▸ **What is expected**
Set down all of the entries below word for word, with the pictures left out.

BEGIN

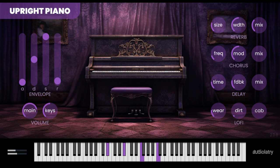With two velocity layers per note, this plugin offers authentic piano sounds in a compact form. Its sharp, dark, and fuzzy sound makes it a great choice for genres such as lofi hip-hop and trap.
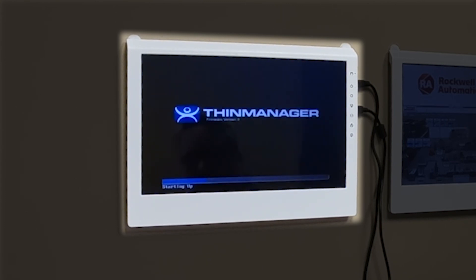It's loading the firmware. It's loading the ThinManager BIOS.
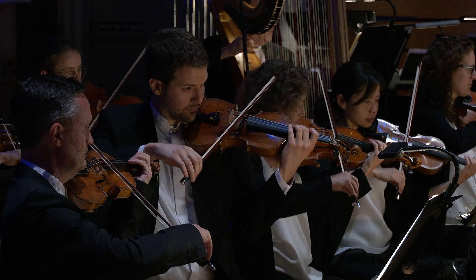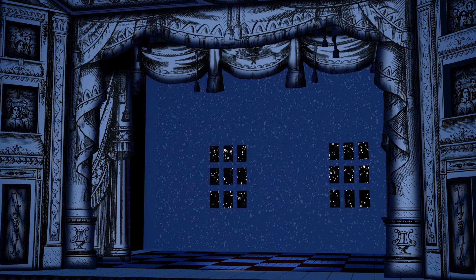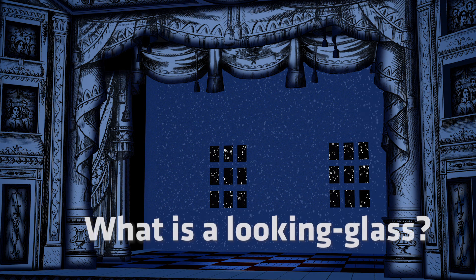Before we continue, I want to make sure you know the answer to a very important question. What is a looking glass? Well, it's just an old-fashioned name for a mirror. I guess it would be like us describing a smartphone as a typing screen.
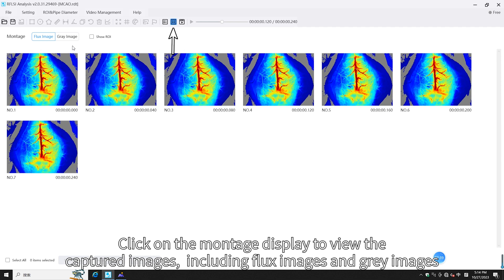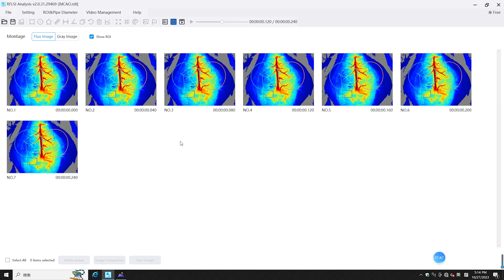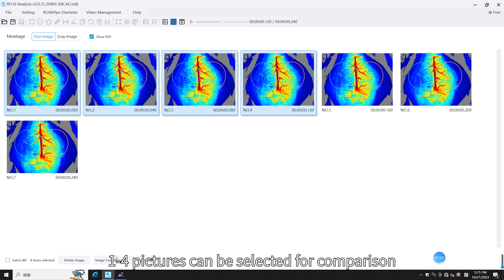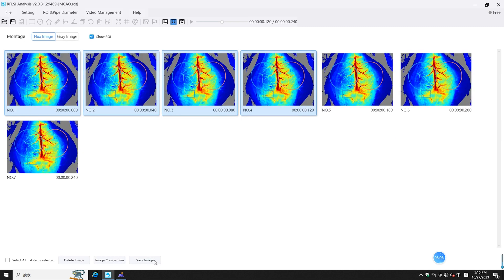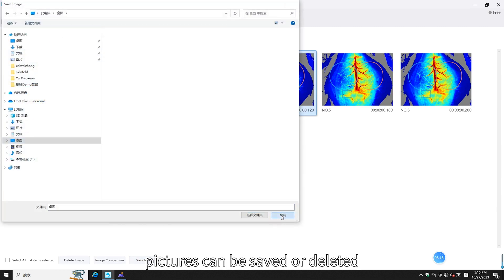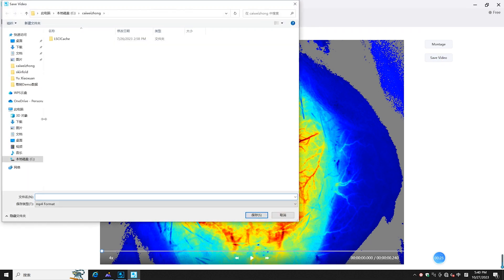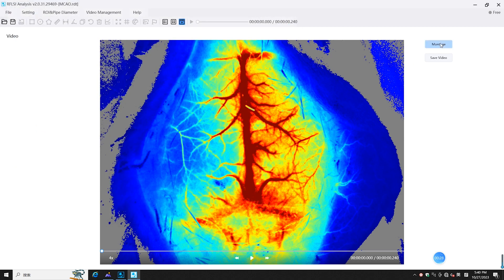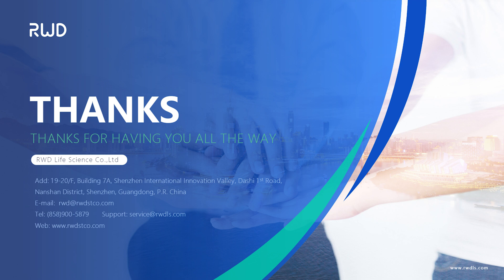Click on the montage display to view the captured images including flux images and gray images. ROIs can be displayed or hidden, and one to four pictures can be selected for comparison. Pictures can be saved or deleted. Click on video playback to select the playback speed and choose at which format to save the video. For more details and instructions, please refer to the manual included with the instrument. Thank you for watching.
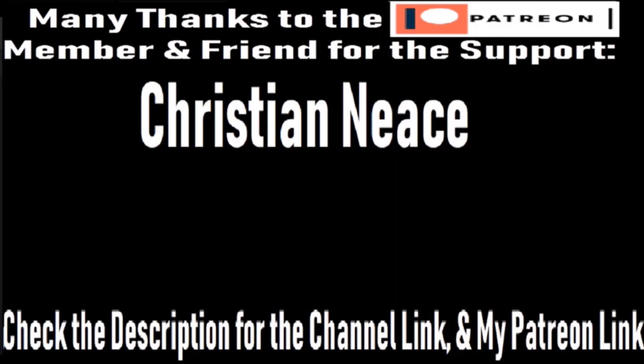This is Dojdi signing out. I would like to thank my Patreon member Christian Neace for his support in making all of my videos better. Please check the description for his channel link, featuring vlogs and comedy videos.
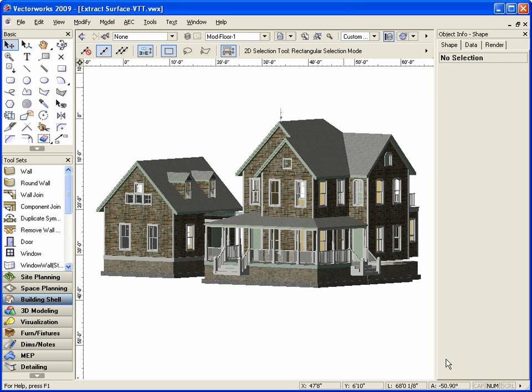Today I will be showing you an easy way to apply multiple textures to the face of a 3D object. This is a technique that can be used to get a wainscot look to your walls and a more stylized appearance for your interiors. This technique can also be used to add a band course to the exterior of the house as well.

END

▸ **Answer to this exercise**
With two velocity layers per note, this plugin offers authentic piano sounds in a compact form. Its sharp, dark, and fuzzy sound makes it a great choice for genres such as lofi hip-hop and trap.
It's loading the firmware. It's loading the ThinManager BIOS.
Before we continue, I want to make sure you know the answer to a very important question. What is a looking glass? Well, it's just an old-fashioned name for a mirror. I guess it would be like us describing a smartphone as a typing screen.
Click on the montage display to view the captured images including flux images and gray images. ROIs can be displayed or hidden, and one to four pictures can be selected for comparison. Pictures can be saved or deleted. Click on video playback to select the playback speed and choose at which format to save the video. For more details and instructions, please refer to the manual included with the instrument. Thank you for watching.
This is Dojdi signing out. I would like to thank my Patreon member Christian Neace for his support in making all of my videos better. Please check the description for his channel link, featuring vlogs and comedy videos.
Today I will be showing you an easy way to apply multiple textures to the face of a 3D object. This is a technique that can be used to get a wainscot look to your walls and a more stylized appearance for your interiors. This technique can also be used to add a band course to the exterior of the house as well.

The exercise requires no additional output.